The Book of Cairo: A City in Short Fiction
Ed. Raph Cormack. Manchester, UK. Comma Press. 2019. 144 pages.
It is not often that Western audiences have the opportunity to delve into an anthology of contemporary Egyptian fiction; a book that transports them out of their comfort zones and into the bustling streets of downtown Cairo, where police officers go on murderous rampages, disgraced doctors become detectives, and women confess their love to masked strangers in video-rental shops. And yet, somehow that is exactly what Comma Press was able to achieve with The Book of Cairo.
Featuring stories by ten of Egypt’s finest writers and novelists, including Ahmed Naji, Hatem Hafez, and Eman Abdelrahim, The Book of Cairo is the latest entry in Comma Press’s A City in Short Fiction series.
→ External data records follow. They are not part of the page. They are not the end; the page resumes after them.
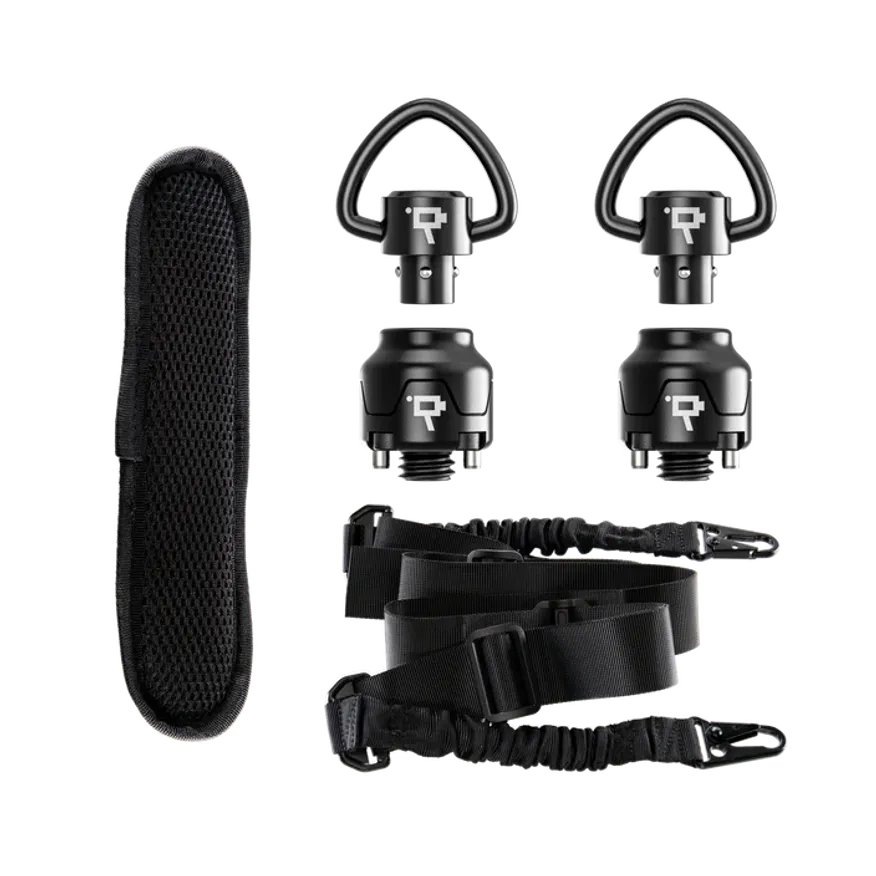 Quick-Disconnect Kits - 3/8''-16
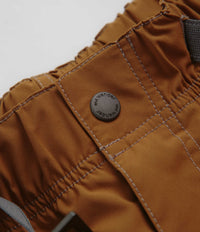 and wander Wave Shorts in Red thumbnail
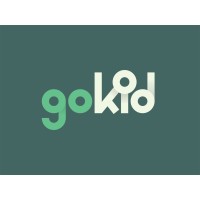 GoKid logo, GoKid contact details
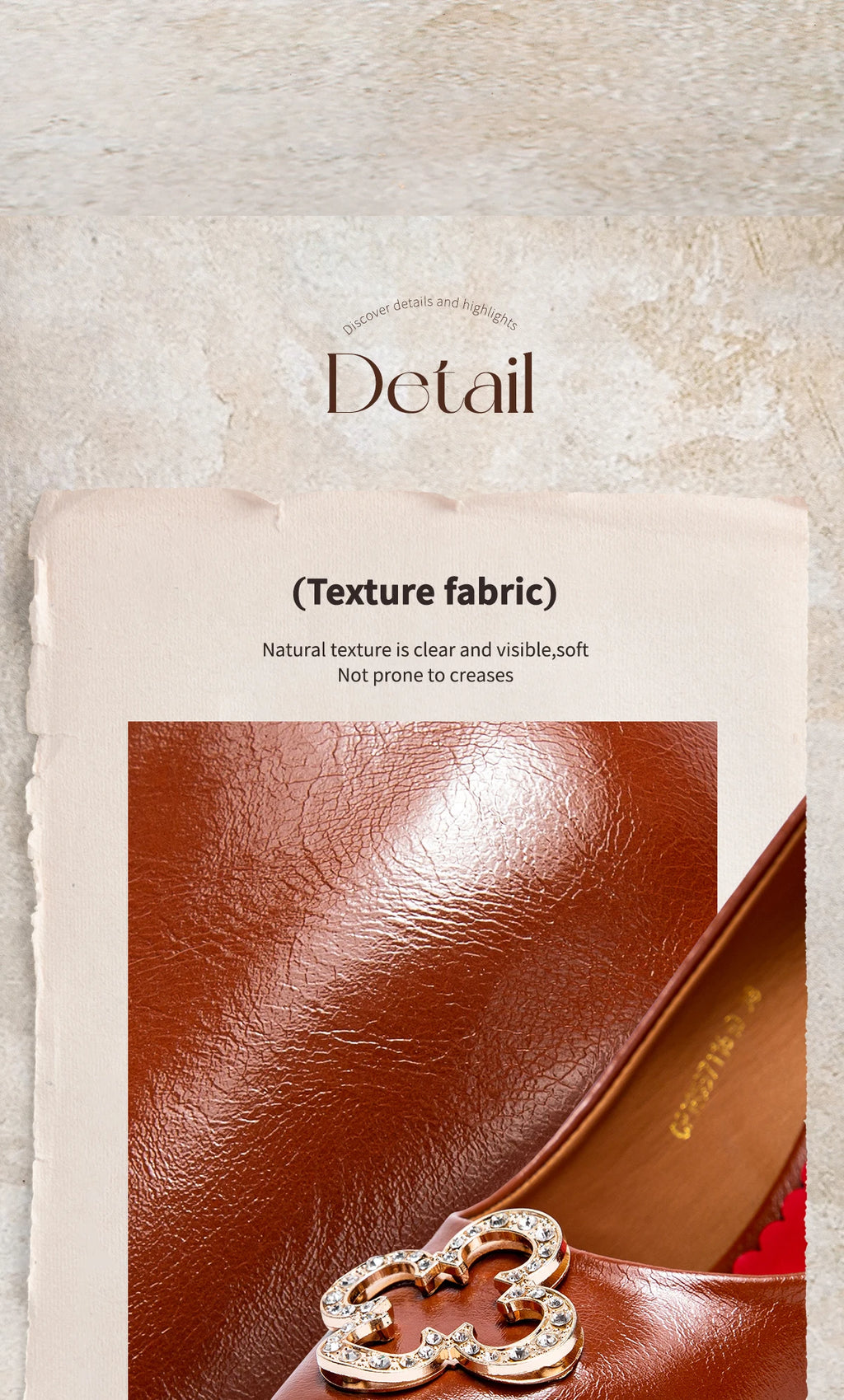 C-H Woman's High Heels  New High Quality Pointed Shoes Business Commuter Girls Shoes Banquet Party Shoes 9cm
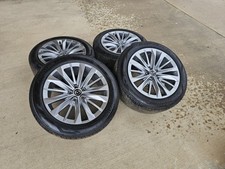 19 Mazda Cx-90 Premium Oem Rims Wheels 95688 Cx-70 Set 2024 2025 2026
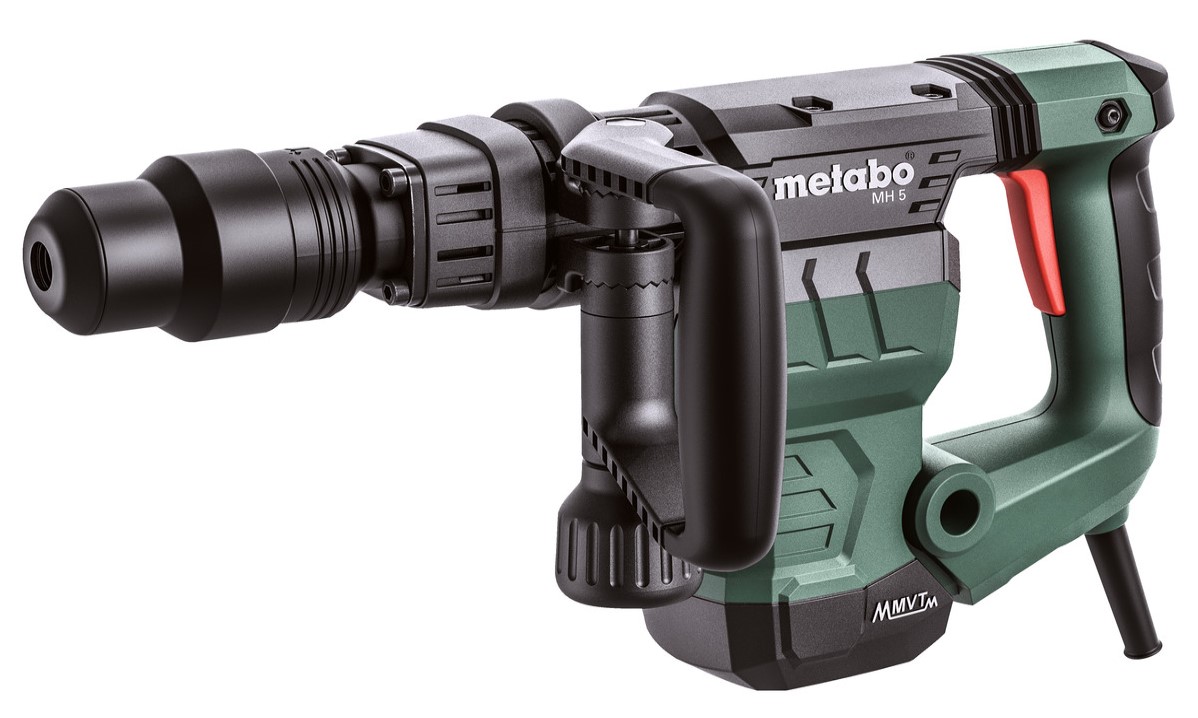 MARTELLO DEMOLITORE MH5 0014750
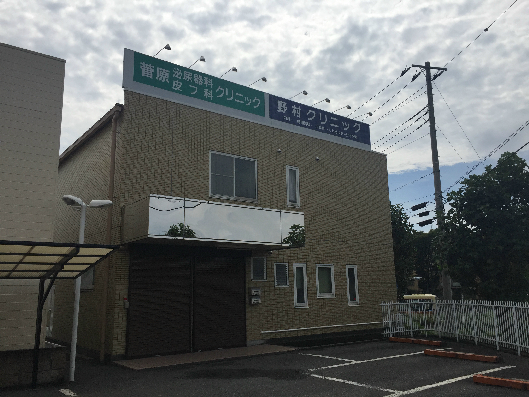 VIVACE(ビバーチェ) 総合病院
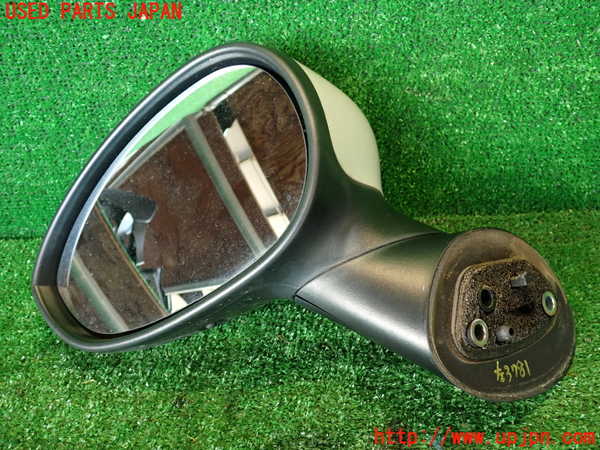 2UPJ-9237811212]アバルト・595(312142)左ドアミラー 中古_2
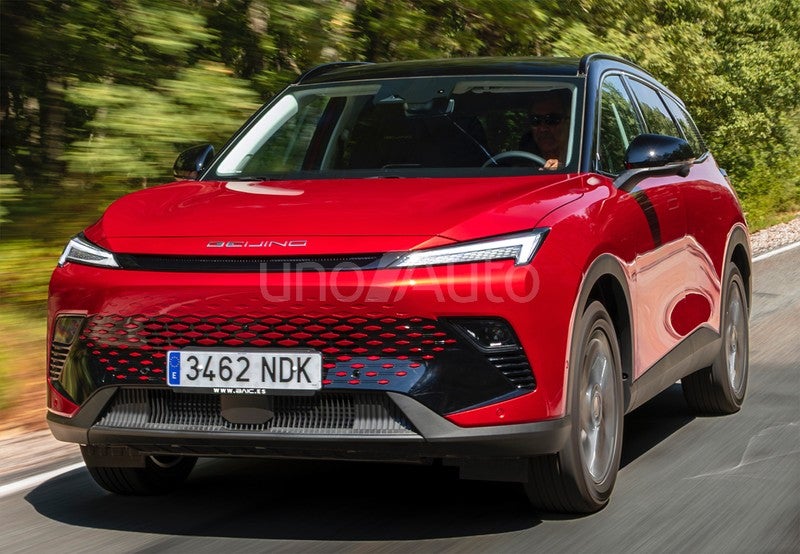 X55 1.5TGDI DCT 7 Aut.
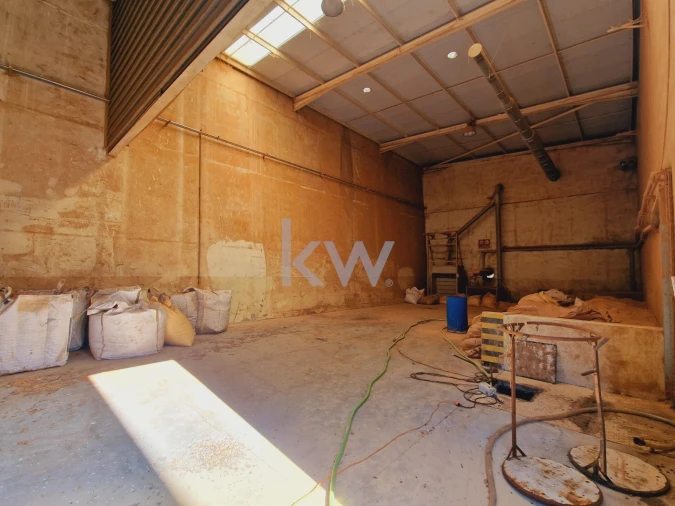 Armazém para Venda em Gavião e Atalaia Foto 38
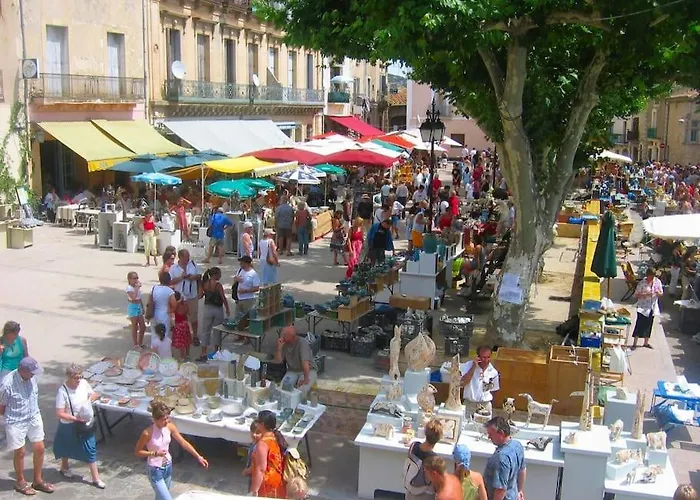 Maison Coeur De Village Saint-Jean-de-Fos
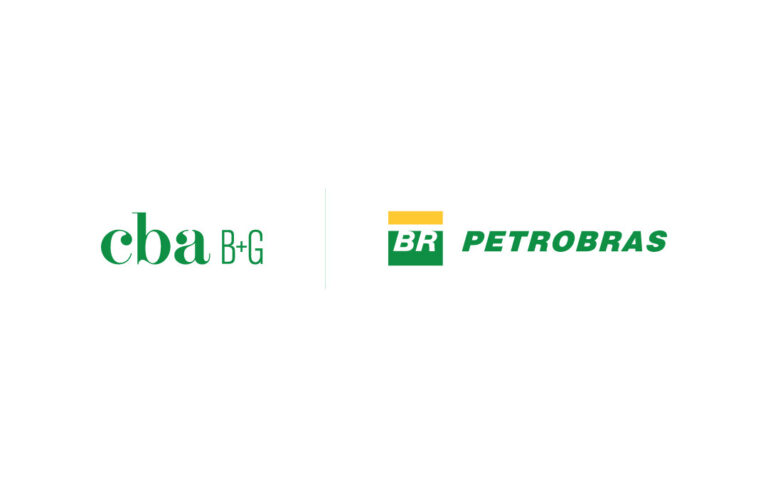 CBA B+G assume branding e design da Petrobras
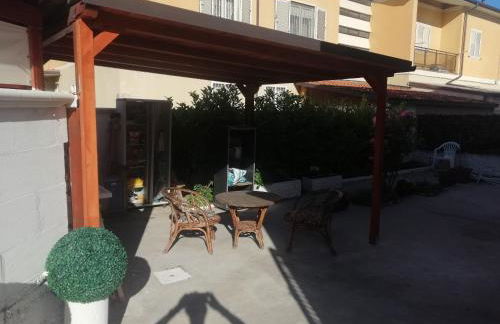 Villa Aurora Fronte spiaggia - Foto 19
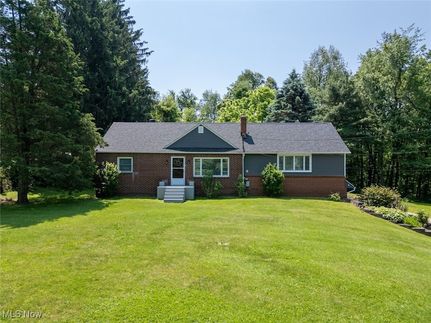 Farm and Ranch for sale in Portage County, Ohio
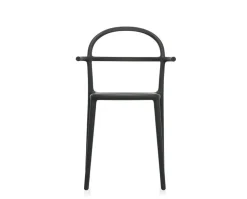 Generic C stol | Black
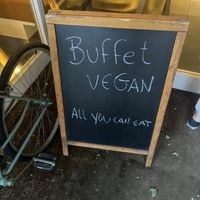   at DaTerra - Foz do Douro in Porto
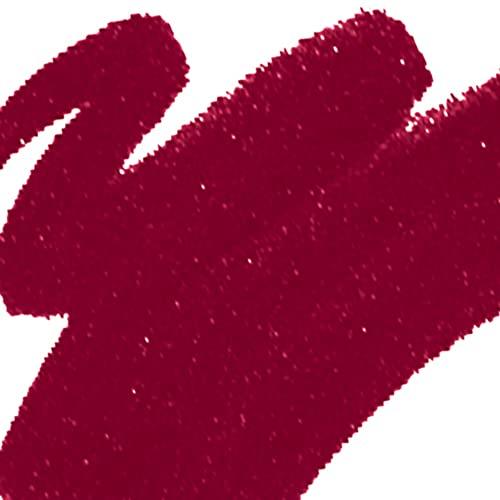 Rimmel London - Lasting Finish Lip Liner, long wear, soft, creamy texture, prevents bleeding and feathering, 100% Cruelty-Free - Which Mark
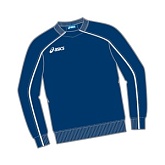 ASICS FELPA SUPER Толстовка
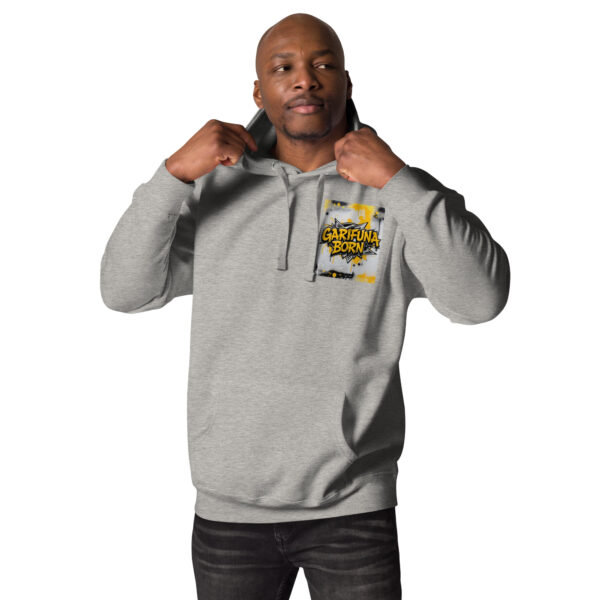 Unisex Hoodie - Image 12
The slim book acts as a smorgasbord of Egyptian storytelling in the aftermath of the failed 2011 Arab Spring uprising—a scattered look inside the complexity of the ancient city and the traumatized humans inhabiting it. There are stories about love and loss endured by hashish dealers, perpetual misery in the form of endless traffic, and female oppression in the form of visa denials and cannibalism fetishes. There is a little something for everyone.
The Book of Cairo is edited and introduced by Raph Cormack, a translator, editor, and author with a PhD in modern Arabic literature. Through his selected stories and their strategic positioning in the table of contents, Cormack curates an impressive snapshot of Cairene life with all its laughter and misery. From the opening page of the first story, “Gridlock,” we follow a packed microbus into traffic and get a sense of modern-day life in the Egyptian capital, including hash joints made up of henna and aspirin, an engineer with no engineering background, and a street sweeper anxious about the costs associated with marrying off his daughter. The author takes a casual, almost breezy approach to the storytelling, seemingly unaware of the rising tension. Yet it remains quintessentially Egyptian—a story relatable to anyone who has endured a morning in Cairo’s hellish traffic.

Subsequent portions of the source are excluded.